Required action: The answer must be only the lines below from the one holding "Go check your" down to the one holding "Thankfully, electron backscatter", ends included, printed exactly; please omit all pictures.

Recorded information:
• • • •

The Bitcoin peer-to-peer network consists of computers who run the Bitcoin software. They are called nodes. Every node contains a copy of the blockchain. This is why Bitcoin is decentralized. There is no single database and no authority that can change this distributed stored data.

• • • •

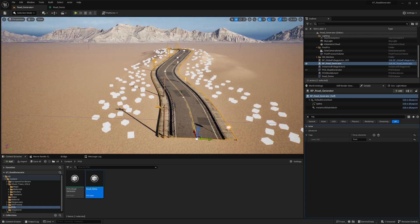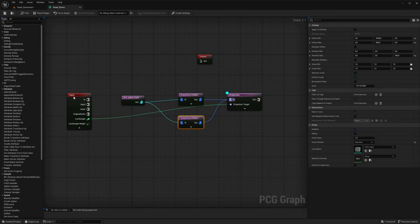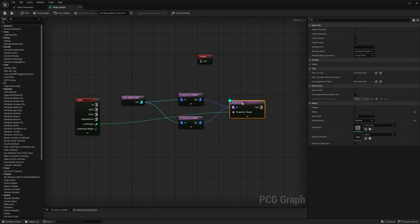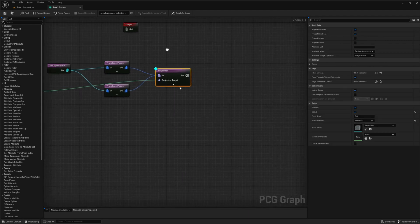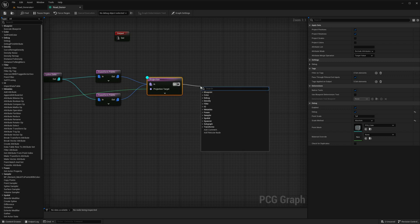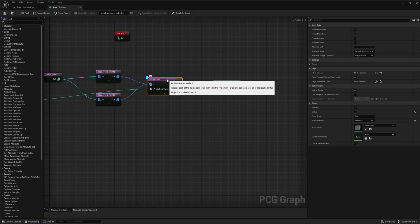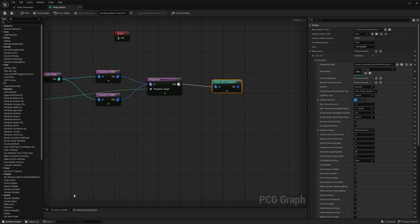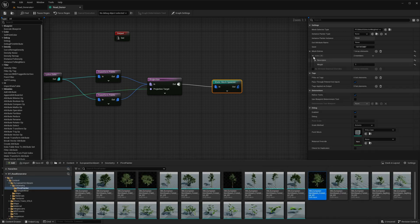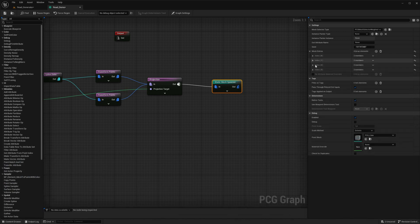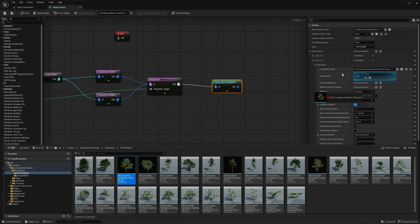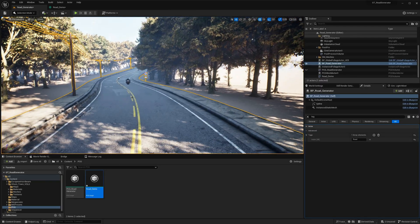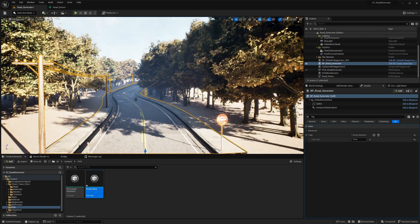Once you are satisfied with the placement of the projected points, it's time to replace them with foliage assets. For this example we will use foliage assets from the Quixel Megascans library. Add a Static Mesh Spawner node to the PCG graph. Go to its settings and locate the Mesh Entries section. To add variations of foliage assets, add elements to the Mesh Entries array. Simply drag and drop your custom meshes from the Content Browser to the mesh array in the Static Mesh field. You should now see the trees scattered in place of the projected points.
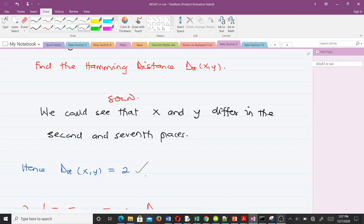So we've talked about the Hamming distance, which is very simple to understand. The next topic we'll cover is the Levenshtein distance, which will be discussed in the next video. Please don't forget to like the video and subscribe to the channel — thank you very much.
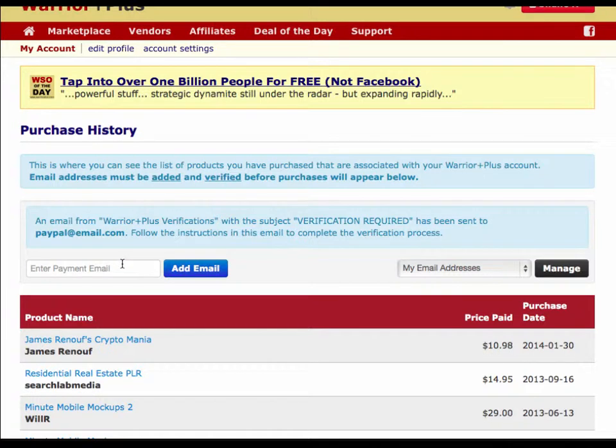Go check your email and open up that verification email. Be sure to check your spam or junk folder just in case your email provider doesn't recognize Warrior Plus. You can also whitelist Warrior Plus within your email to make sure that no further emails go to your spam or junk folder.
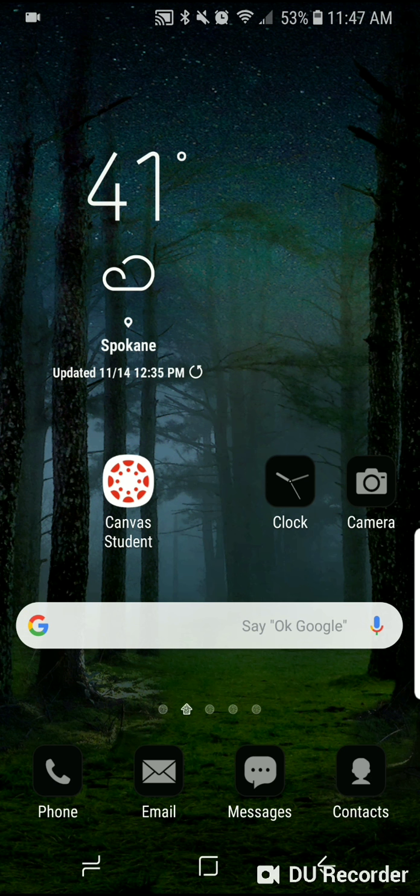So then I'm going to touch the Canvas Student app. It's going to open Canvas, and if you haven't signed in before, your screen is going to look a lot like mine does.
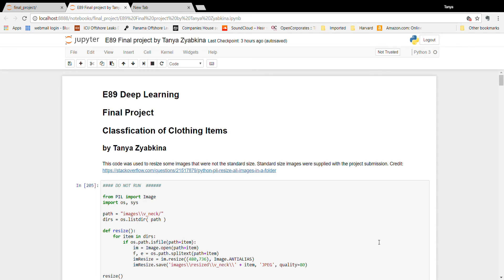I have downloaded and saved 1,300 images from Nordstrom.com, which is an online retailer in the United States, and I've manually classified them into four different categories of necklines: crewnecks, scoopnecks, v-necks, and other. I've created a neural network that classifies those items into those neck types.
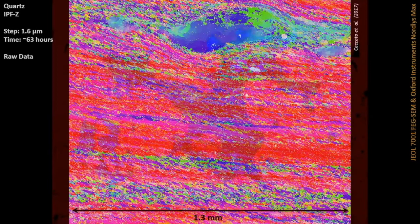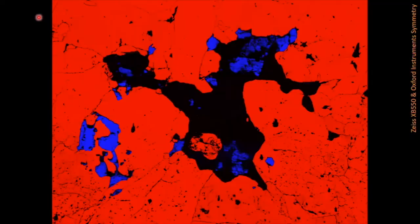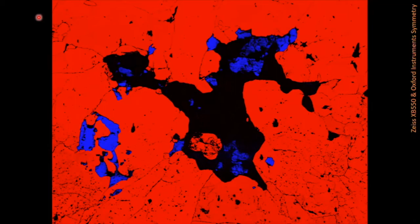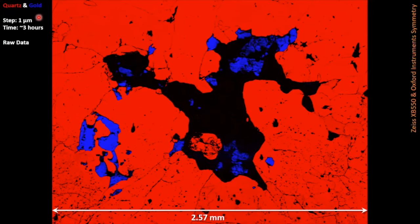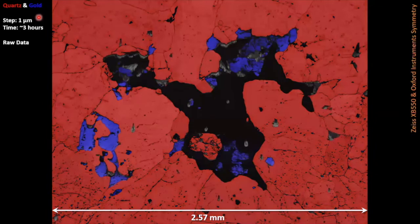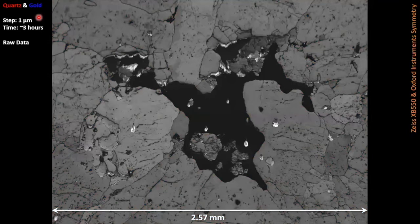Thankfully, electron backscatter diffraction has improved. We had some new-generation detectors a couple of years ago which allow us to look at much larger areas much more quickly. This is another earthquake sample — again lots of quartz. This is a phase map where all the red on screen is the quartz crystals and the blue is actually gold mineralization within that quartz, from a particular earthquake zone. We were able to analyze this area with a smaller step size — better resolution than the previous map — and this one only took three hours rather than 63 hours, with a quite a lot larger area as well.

• • • •

Written response:
Go check your email and open up that verification email. Be sure to check your spam or junk folder just in case your email provider doesn't recognize Warrior Plus. You can also whitelist Warrior Plus within your email to make sure that no further emails go to your spam or junk folder.
So then I'm going to touch the Canvas Student app. It's going to open Canvas, and if you haven't signed in before, your screen is going to look a lot like mine does.
I have downloaded and saved 1,300 images from Nordstrom.com, which is an online retailer in the United States, and I've manually classified them into four different categories of necklines: crewnecks, scoopnecks, v-necks, and other. I've created a neural network that classifies those items into those neck types.
Thankfully, electron backscatter diffraction has improved. We had some new-generation detectors a couple of years ago which allow us to look at much larger areas much more quickly. This is another earthquake sample — again lots of quartz. This is a phase map where all the red on screen is the quartz crystals and the blue is actually gold mineralization within that quartz, from a particular earthquake zone. We were able to analyze this area with a smaller step size — better resolution than the previous map — and this one only took three hours rather than 63 hours, with a quite a lot larger area as well.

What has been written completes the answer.